_WHAT YOU SHOULD DO_
Before printing the listing, strip out its pictures and keep everything else exact.

_MATERIAL PROVIDED_
::::
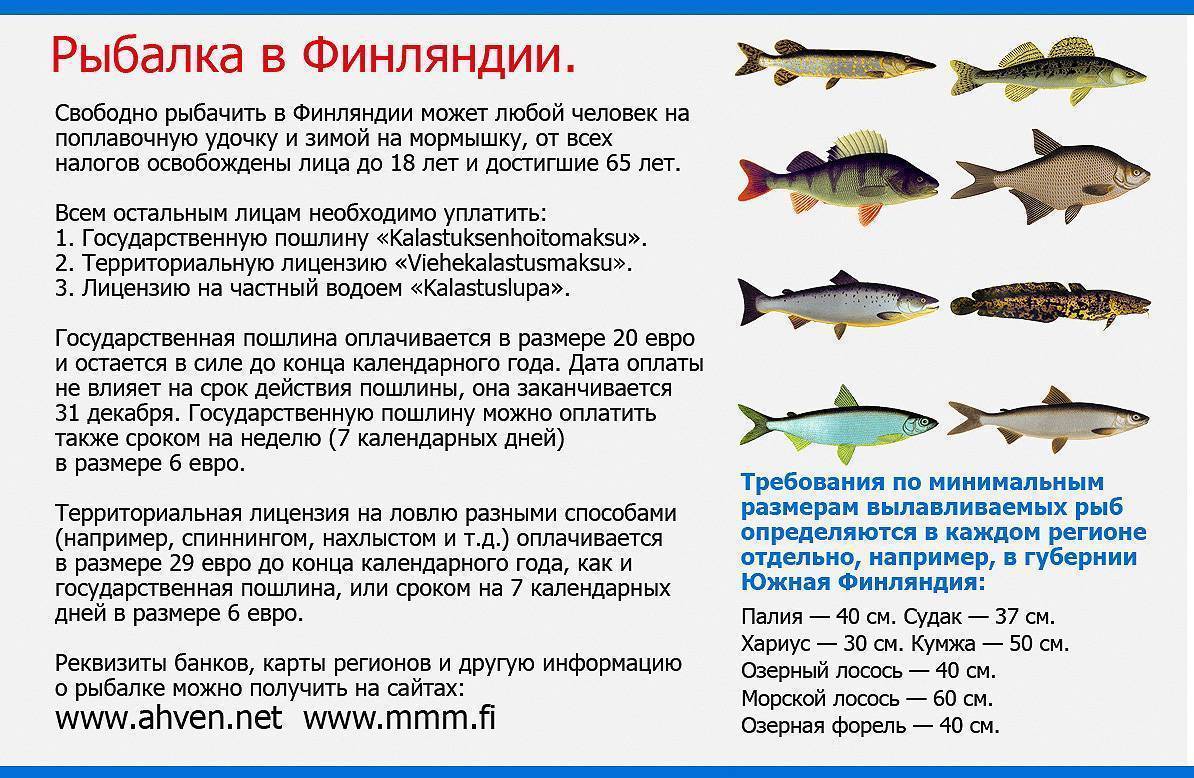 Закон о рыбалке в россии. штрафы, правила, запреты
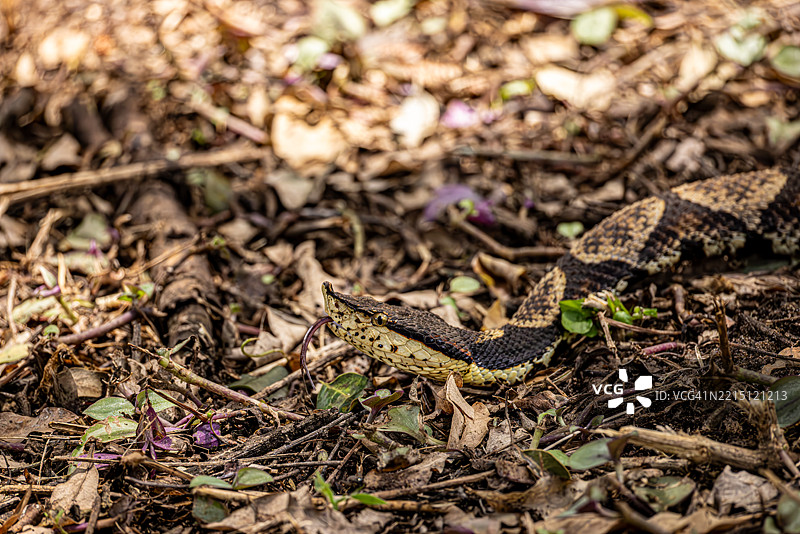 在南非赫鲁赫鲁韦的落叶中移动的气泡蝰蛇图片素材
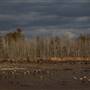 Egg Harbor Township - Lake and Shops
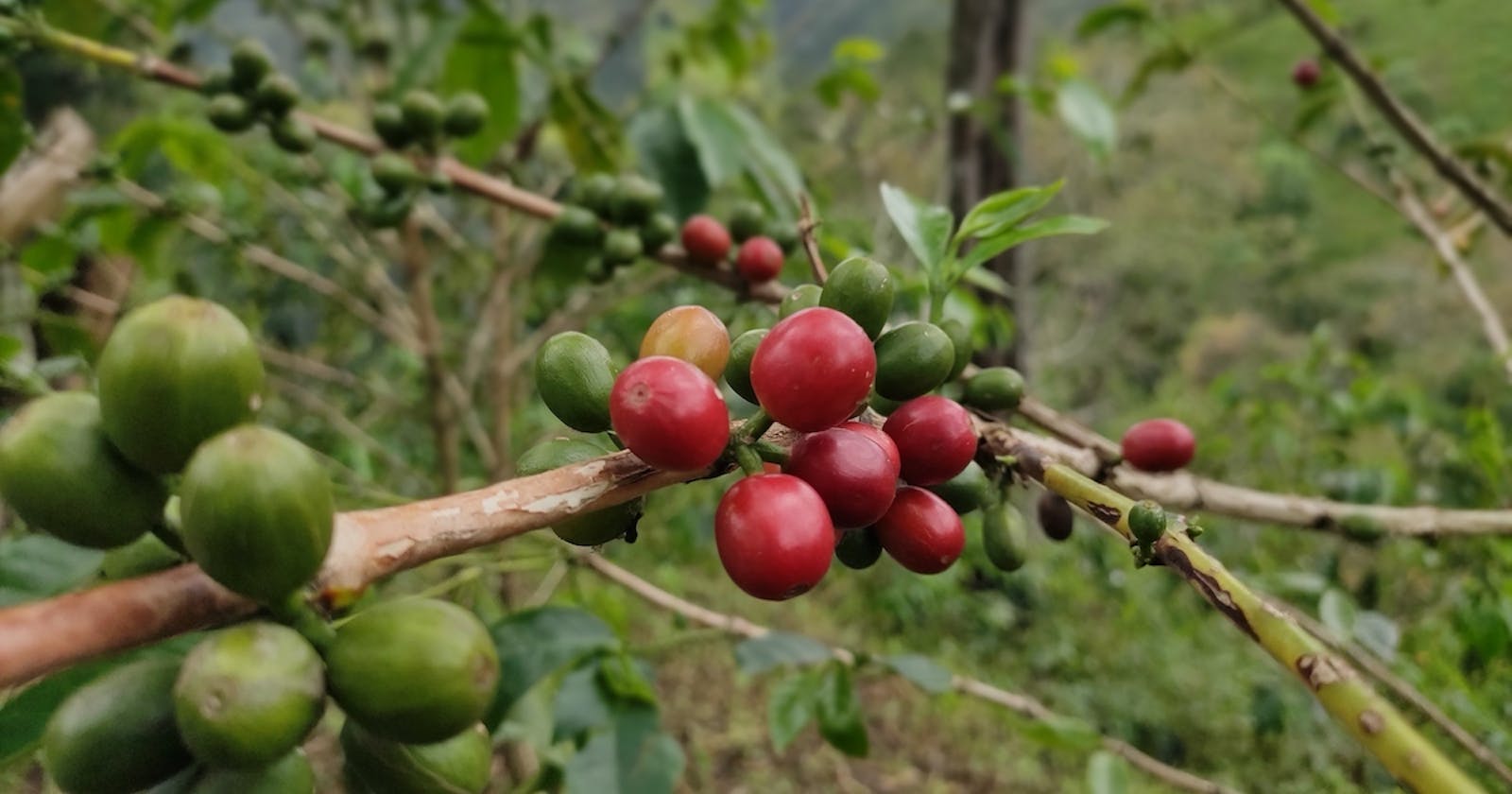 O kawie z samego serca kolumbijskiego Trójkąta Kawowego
::::
_SOLUTION TO THIS PROBLEM_
 Закон о рыбалке в россии. штрафы, правила, запреты
 在南非赫鲁赫鲁韦的落叶中移动的气泡蝰蛇图片素材
 Egg Harbor Township - Lake and Shops
 O kawie z samego serca kolumbijskiego Trójkąta Kawowego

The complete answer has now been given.